2019年録音。ベアトリーチェ・ラナのラヴェル、ストラヴィンスキー作品集です。ラヴェルは「鏡」「ラ・ヴァルス」。ストラヴィンスキーは「火の鳥」抜粋(グイド・アゴスティ編)、「ペトルーシュカ」からの三つの楽章を収録しています。卓越した技術での20世紀音楽の先鋭を捉える一枚となっています。20世紀初頭のパリにあった二人の音楽家。ストラヴィンスキーはラヴェルの精緻な書法を「スイスの時計職人」と呼んでいました。スイスの時計、時間を正確に刻むような作品の仕上げに対する精密についての指摘です。職人とされることを好んでいましたし、作品への仕上げには並々ならぬこだわりがありました。ラヴェルの作品の総数は少ないものです。いずれも余剰なものを含まない「書き上げられた」作品です。二十世紀、ラヴェルは「水の戯れ」で新しい手法を見出しました。この時、1900年からの五回にわたりローマ大賞を逃していました。「鏡」が生み出された1905年は審査委員が本選から締め出した上での予選落ち。この時、年齢制限による最後の機会だったため、大きなスキャンダルとなったのでした。1875年生まれのラヴェルの若き日々。パリ音楽院在学中に出会ったスペイン人のリカルド・ビニェスからは大きな刺激を受けています。「鏡」はそんな盟友ビニェスによって初演されました。「鏡」は当時の音楽としても革新的な内容を含んでいます。作品は第二曲をビニェスなど、アパッシュのメンバーに個々の曲を献呈しました。芸術サークル出会ったアパッシュは「ごろつき」に由来します。ここには一時期的ですが、ストラヴィンスキーも所属していたのです。ごろつきに準えることは保守的な音楽への反動でもありました。

 

ストラヴィンスキーの「火の鳥」が初演されたのが1910年。ペトルーシュカはその翌年になります。1914年から始まる世界大戦前の世界。ラヴェルも、ストラヴィンスキーも先鋭的な手法を模索していました。「火の鳥」はまだロマン的な音楽をとどめています。数種の組曲が編まれました。当盤のラナの演奏は組曲からの抜粋で、カスチェイの踊りから始まります。これこそ原始主義(Primityvism)を代表する響きです。古く1867年のパリ万博には日本も参加しました。

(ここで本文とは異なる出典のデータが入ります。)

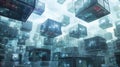 Futuristic urban skyline featuring levitating cubes, symbolizing the idea of a data hub or intricate web of information Royalty Free Stock Photo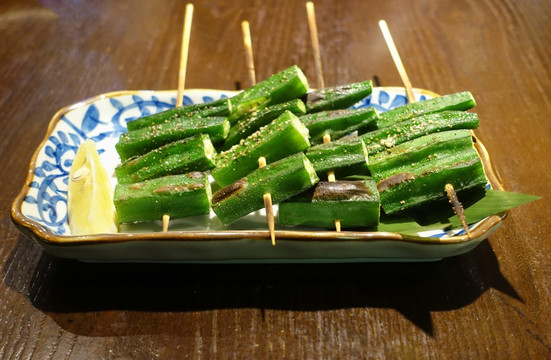 烤串秋葵 日式菜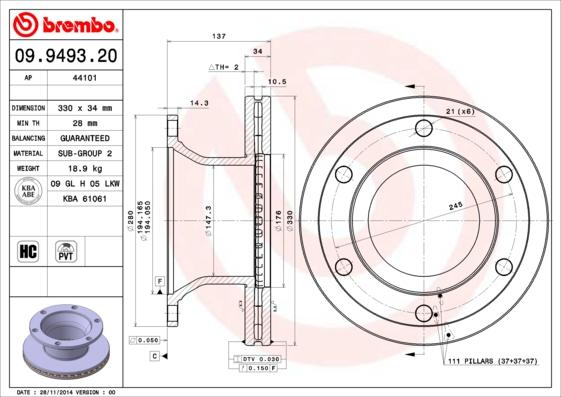 Brembo 09.9493.20 - Bremžu diski autodraugiem.lv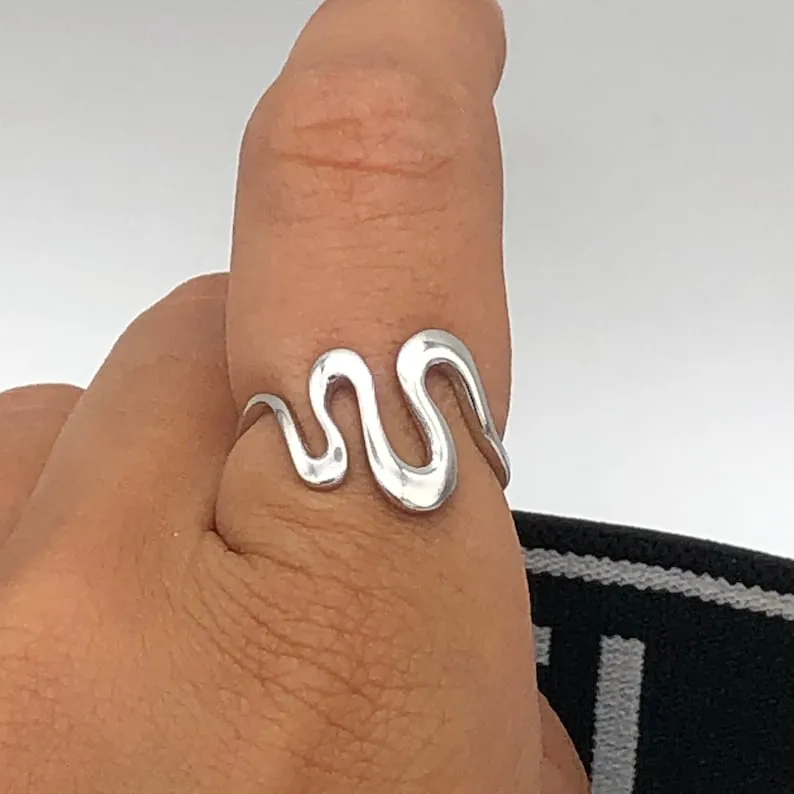 Wave Ring, Zig Zig Ring, Ripple Ring, Caved Band, Ocean Surf Jewelry, Thin Gold Ring, Flat Wavy Ring, Beach Nautical Style, Mountain Ring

日西欧的なものに触れ多くの芸術家を触発しました。ドビュッシーは非西欧な語法をバリのガムラン音楽などから着想を得ることになります。ラヴェルの「鏡」もポリリズムを含み、従前の和声を踏み越えた非和声音も導入されます。職人を自認していたラヴェルは機能を熟知した上で意識的に取り込んだのでした。こうした新しさに着目した一枚は鮮やかに解かれる演奏に驚かされます。